### Exercise objective:
Transcribe the records below word for word, beginning with the first line and stopping after the line that contains "Sloan Lake Cottage"; pictures are not part of the copy.

### Records supplied:
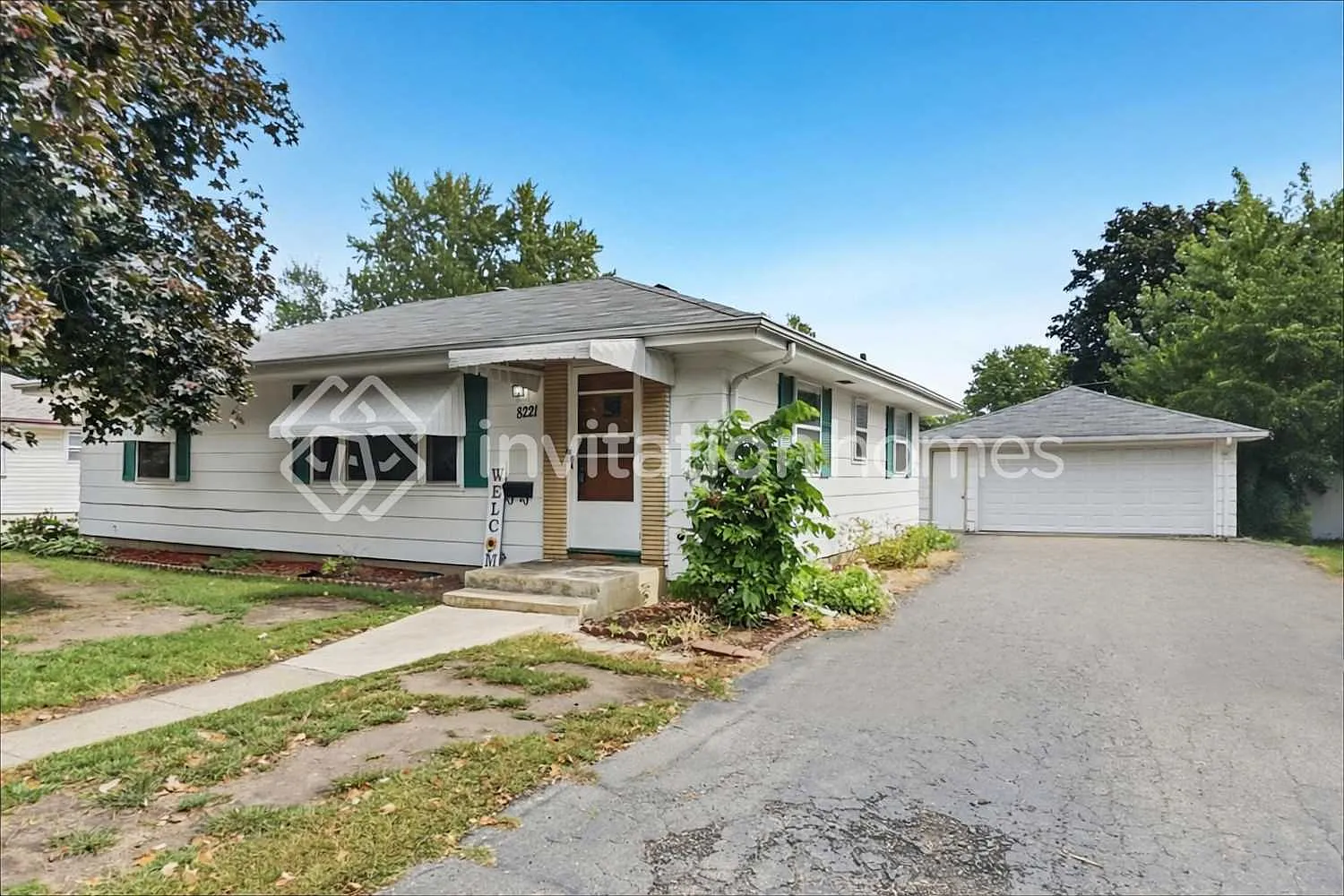 8221 Bloomington Ave Minneapolis, MN 55425 — Photo 1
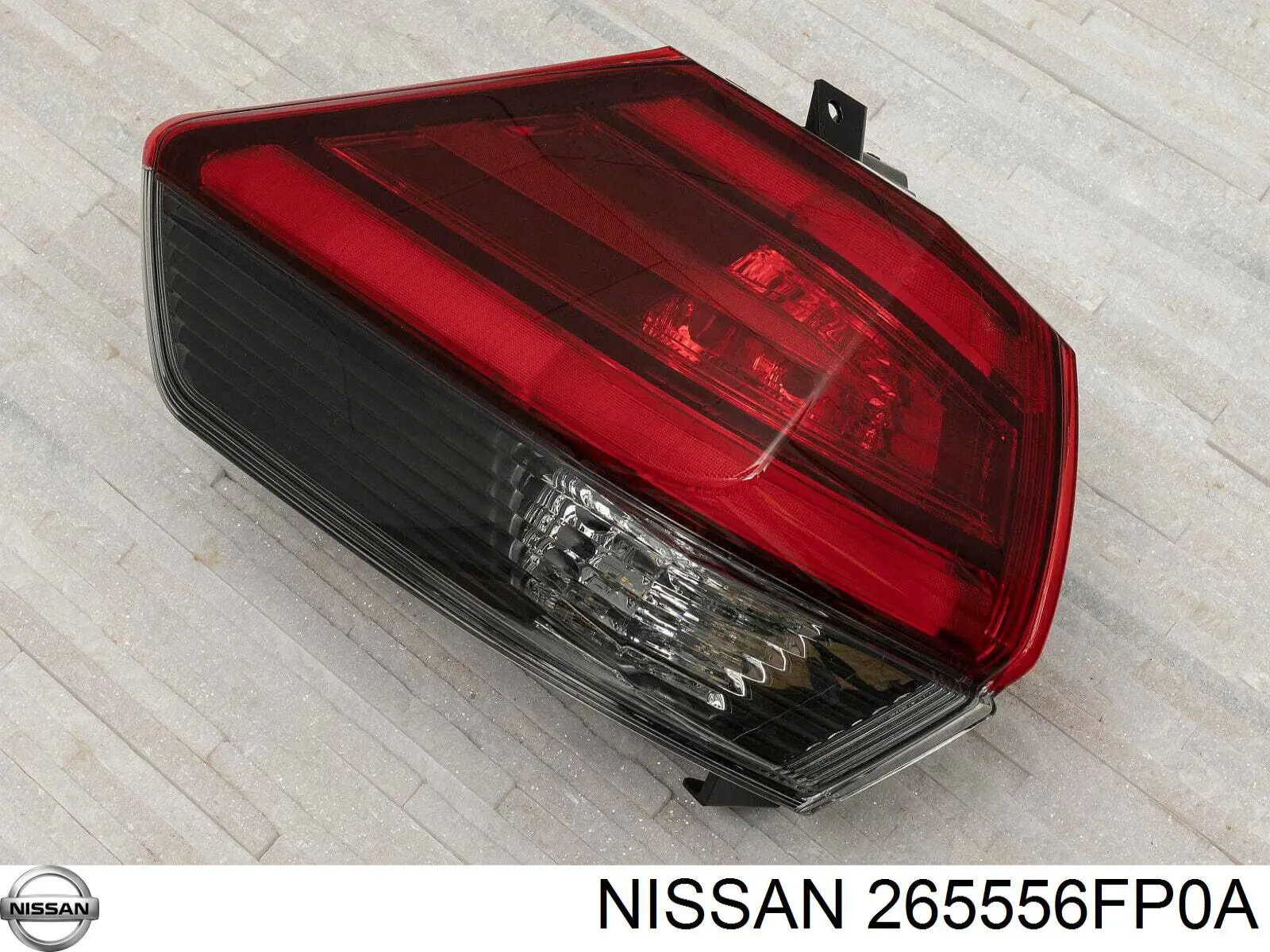 Piloto trasero exterior izquierdo Nissan/Infiniti 265596FP0A precio, desde 123,72 EUR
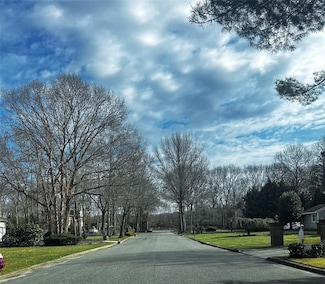 9 Jeanine Ct, Dix Hills, NY 11746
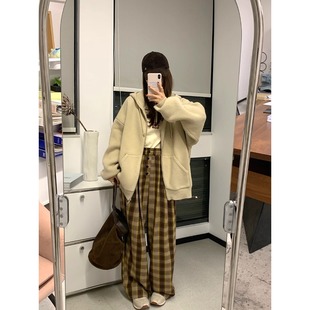 羊毛呢格纹直筒裤 宽松连帽拉链针织卫衣 out休闲套装 Free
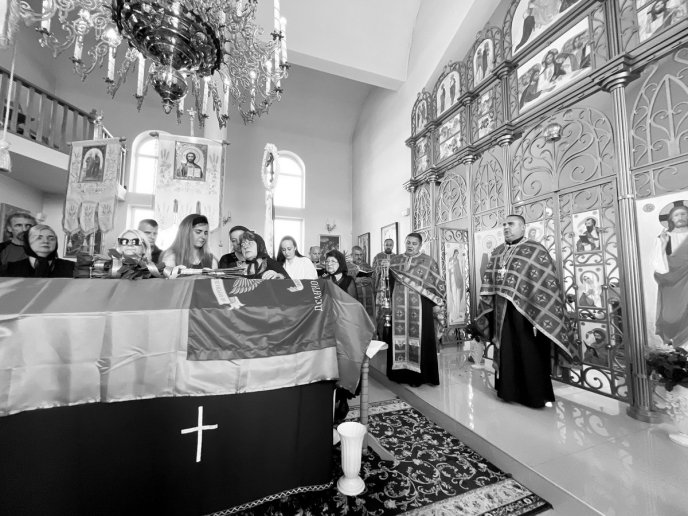 Мукачівщина провела в останню путь молодого військового – 02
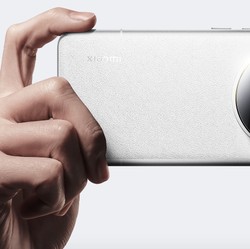 Xiaomi 14 Punya Fitur Mirip Samsung Galaxy S24, Cek Harganya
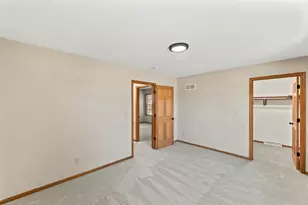 N27W26457 Christian Ct, Pewaukee, WI 53072 - Photo 20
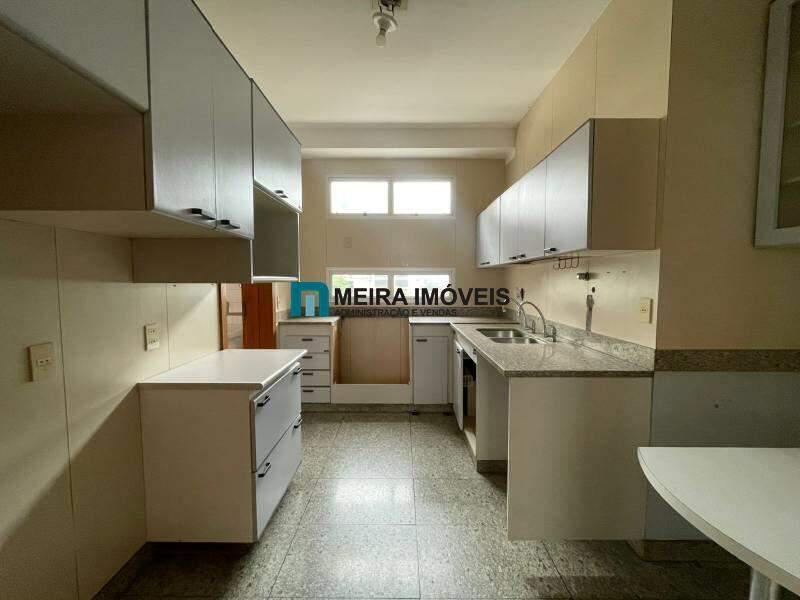 Apartamento, Funcionários, 4 Quartos, 2 Vagas, 1 Suíte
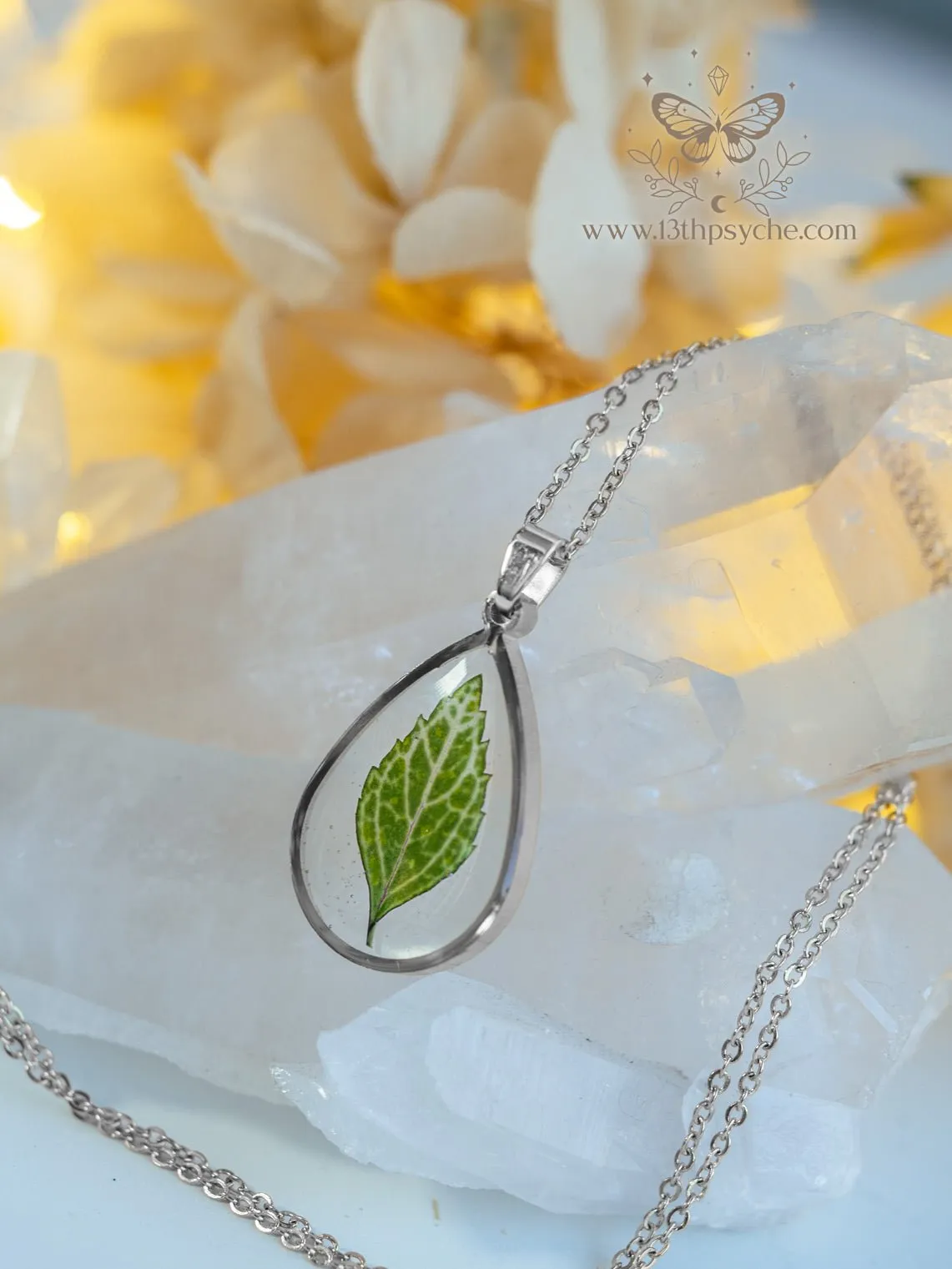 Green dried leaf teardrop resin pendant necklace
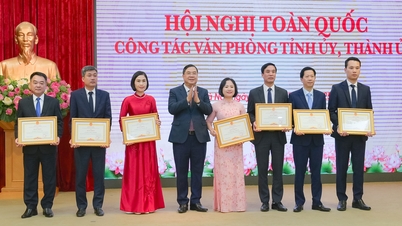 สำนักงานคณะกรรมการพรรคการเมืองเว้ได้รับรางวัลเกียรติคุณสำหรับผลงานดีเด่นในการทำงานของสำนักงานคณะกรรมการพรรค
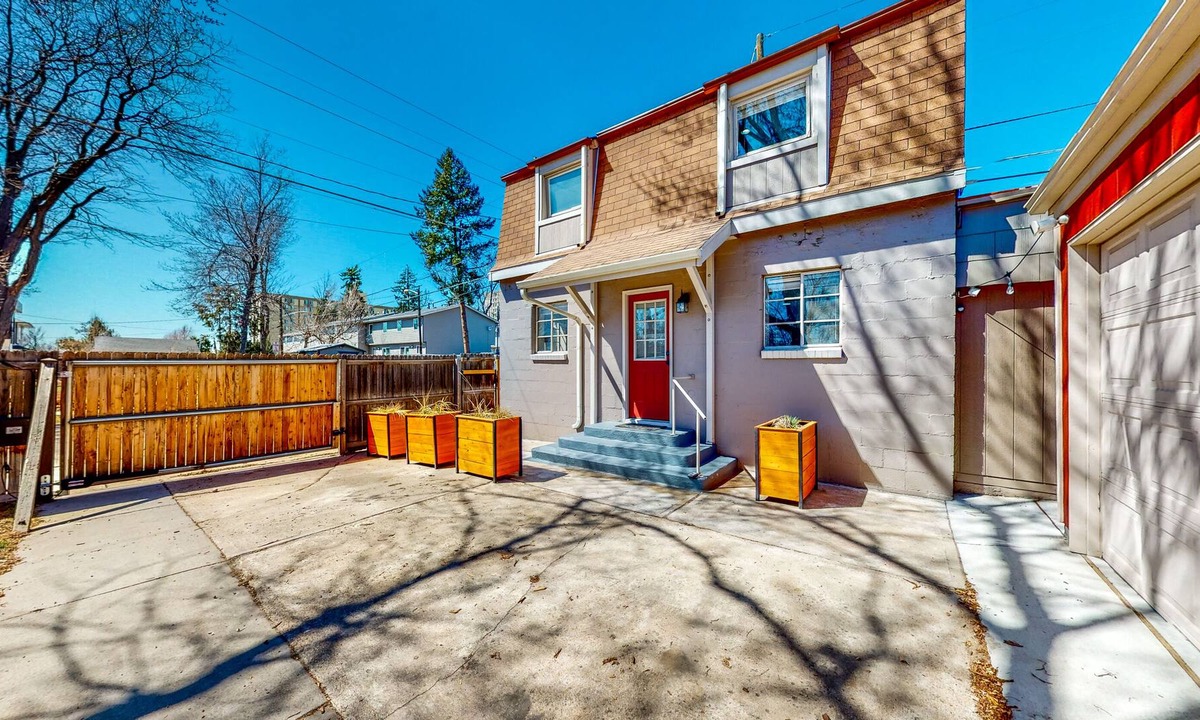 Sloan Lake Cottage | Charming Retreat - Fenced Yard - Dog-Friendly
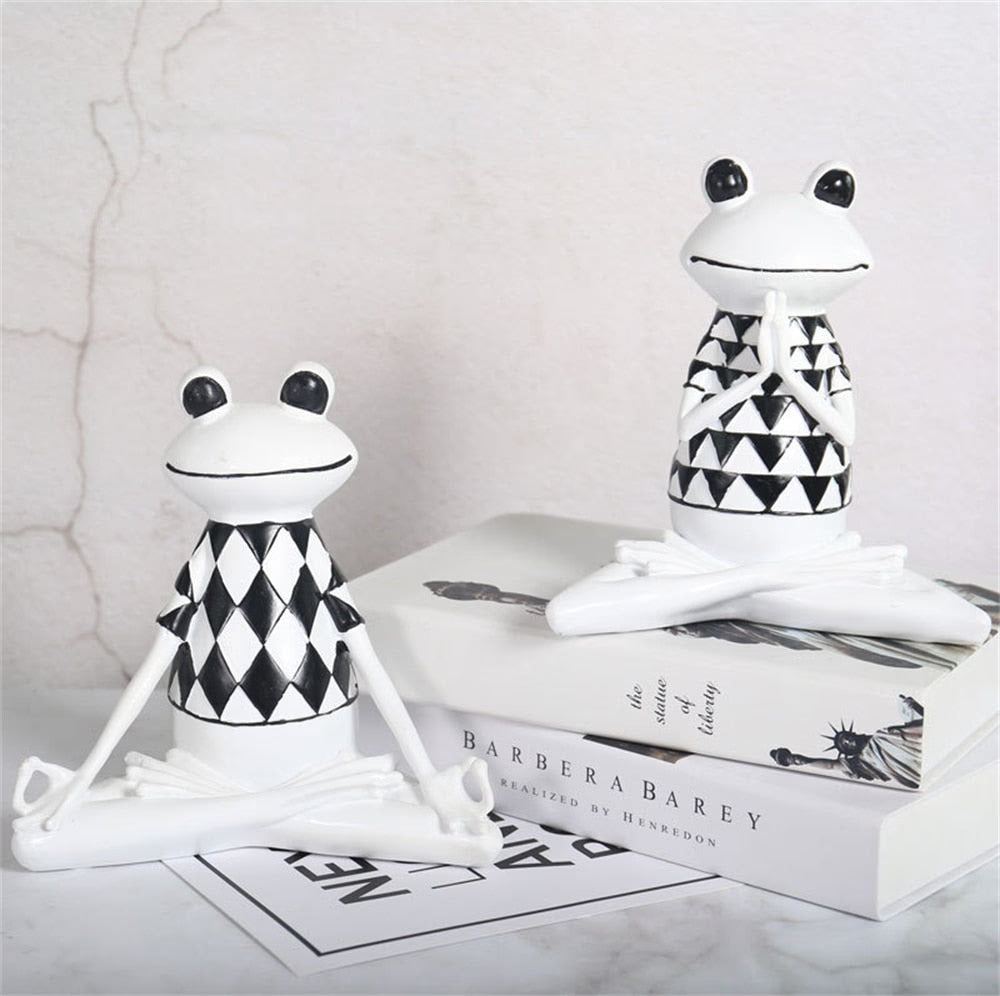 New Nordic Syle Yoga Frog Statue Resin Sculpture Figurine Office Home Decoration Desktop Decor Handmade Craft Modern Art acacuss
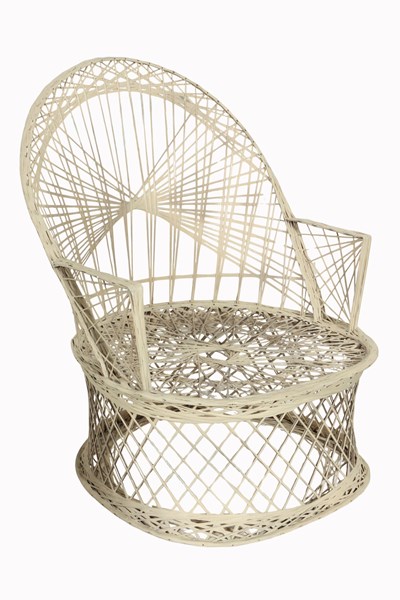 Lot 10 - OUTDOOR LOUNGE CHAIR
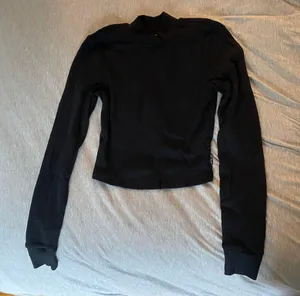 TNA Waffle Long Sleeve Cropped Mockneck thumbnail 1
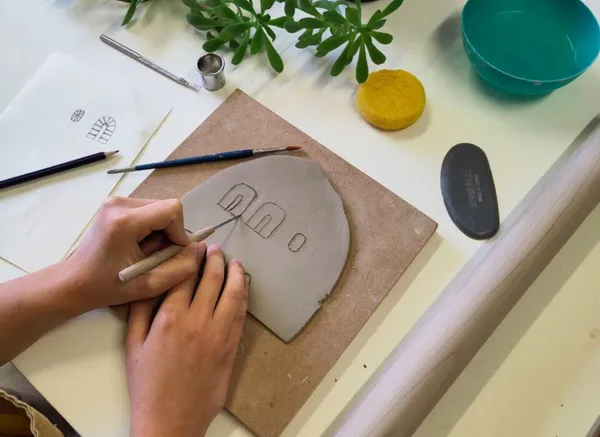 Fabriquez votre parure de bijoux en céramique avec Laura et son équipe - Image n°1 - Wecandoo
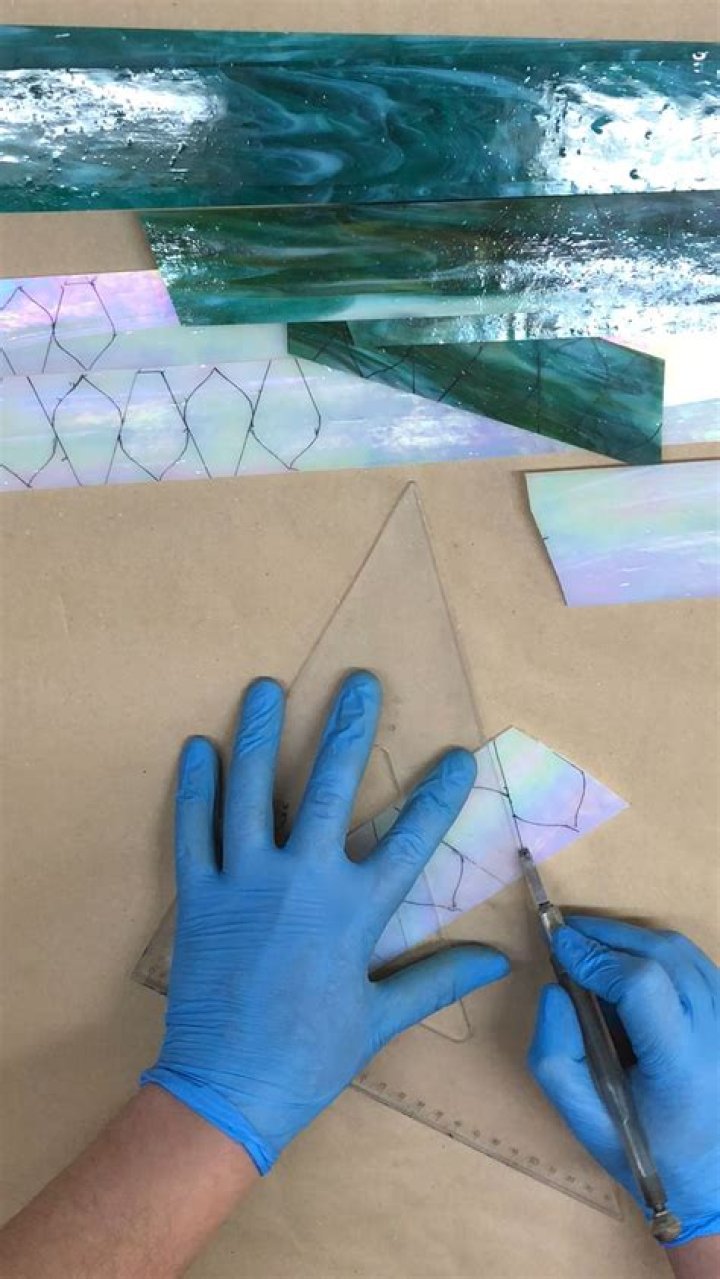 What is the best tool to cut stained glass?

### Your response:
 8221 Bloomington Ave Minneapolis, MN 55425 — Photo 1
 Piloto trasero exterior izquierdo Nissan/Infiniti 265596FP0A precio, desde 123,72 EUR
 9 Jeanine Ct, Dix Hills, NY 11746
 羊毛呢格纹直筒裤 宽松连帽拉链针织卫衣 out休闲套装 Free
 Мукачівщина провела в останню путь молодого військового – 02
 Xiaomi 14 Punya Fitur Mirip Samsung Galaxy S24, Cek Harganya
 N27W26457 Christian Ct, Pewaukee, WI 53072 - Photo 20
 Apartamento, Funcionários, 4 Quartos, 2 Vagas, 1 Suíte
 Green dried leaf teardrop resin pendant necklace
 สำนักงานคณะกรรมการพรรคการเมืองเว้ได้รับรางวัลเกียรติคุณสำหรับผลงานดีเด่นในการทำงานของสำนักงานคณะกรรมการพรรค
 Sloan Lake Cottage | Charming Retreat - Fenced Yard - Dog-Friendly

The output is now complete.